The French ambassador Harcourt landed at Dover some days ago. He has not yet arrived in this city, his family and goods being carefully searched at every step. Parliament has summoned the merchants to learn what is the amount of his credit in this mart, but they have not discovered more than 4000l. sterling. Montegu crossed the sea with him, denounced by parliament as a traitor for having served the queen both here and in France. He tried to pass under a disguise, but being recognised, was arrested and sent to the Tower. They took from him letters from the queen mother for their Majesties. This has increased the suspicions about the ambassador.

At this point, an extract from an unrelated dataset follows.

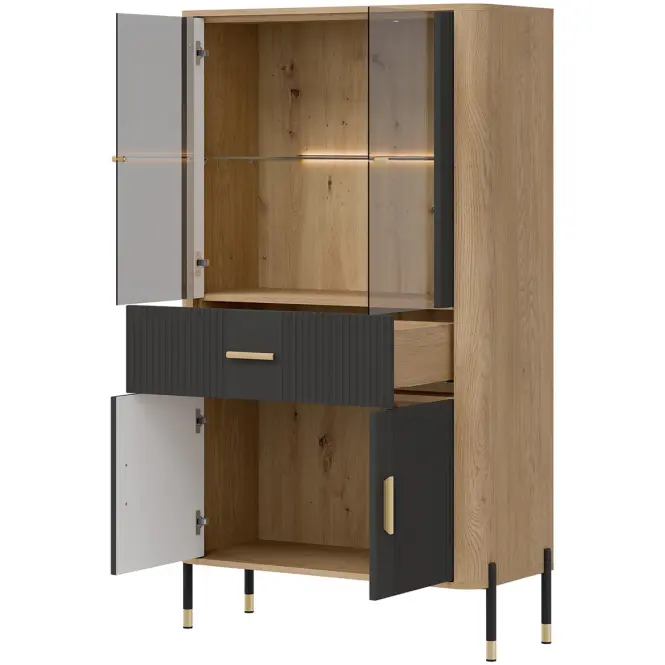 Vitrin Alacsony Dante Dt12 Tölgy Cremona/Antracit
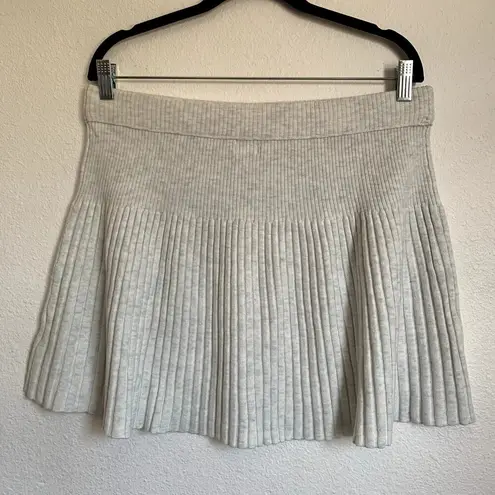 Aerie NWT  Take Charge Wool Blend Ribbed Sweater Knit Skirt in Light Gray - Image 2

The same thing has happened to another gentleman who was going to meet the Count and pay his respects in the name of the queen.
The Ambassador Gorin, destined for France, has crossed the sea and is travelling through Holland to confer with the Prince of Orange. As the Ambassador Contarini has reached Cologne I shall not trouble your Excellencies with any more reports of events in the Netherlands.
London, the 16th October, 1643.
[Italian ; the part in italics deciphered.]
Oct. 18.
Senato, Secreta. Dispacci, Munster. Venetian Archives.
31. Alvise Contarini, Venetian Ambassador to the Congress of Munster, to the Doge and Senate.
The mission of the Count d'Arcurt to England has reawakened in the States feelings of jealousy on the subject of religion and proximity, to such an extent that they have brought up again the question of sending two ambassadors as was decided more than a year ago, but always put off owing to what was happening in that kingdom.
Cologne, the 18th October, 1643.
[Italian.]
Oct. 22.
Senato, Secreta. Deliberazioni. Corti. Venetian Archives.
32. To the Secretary in England.
Approval of his diligence in the matter of the currants and of his action in asking the king to permit his subjects of Bristol to go to the Levant islands to lade that fruit. This cannot fail to prove very helpful, and it will also serve to make the Levant Company anxious. He must continue to speak on the subject with those he may chance to meet and see that the permission is carried into effect, as with the progress of that affair the force of self interest will do more to move the Company than all the remonstrance and argument in the world, and the competition will be all to the advantage of Venetian interests and those of Venetian subjects.
Enclose a copy of the decree of the Senate concerning the reduction of the duty on currants. (fn. 4) Acknowledge receipt of his letters of the 2nd inst.
Ayes, 72. Noes, 4. Neutral, 7.
[Italian.]
Oct. 23.
Senato, Secreta. Dispacci, Inghilterra. Venetian Archives.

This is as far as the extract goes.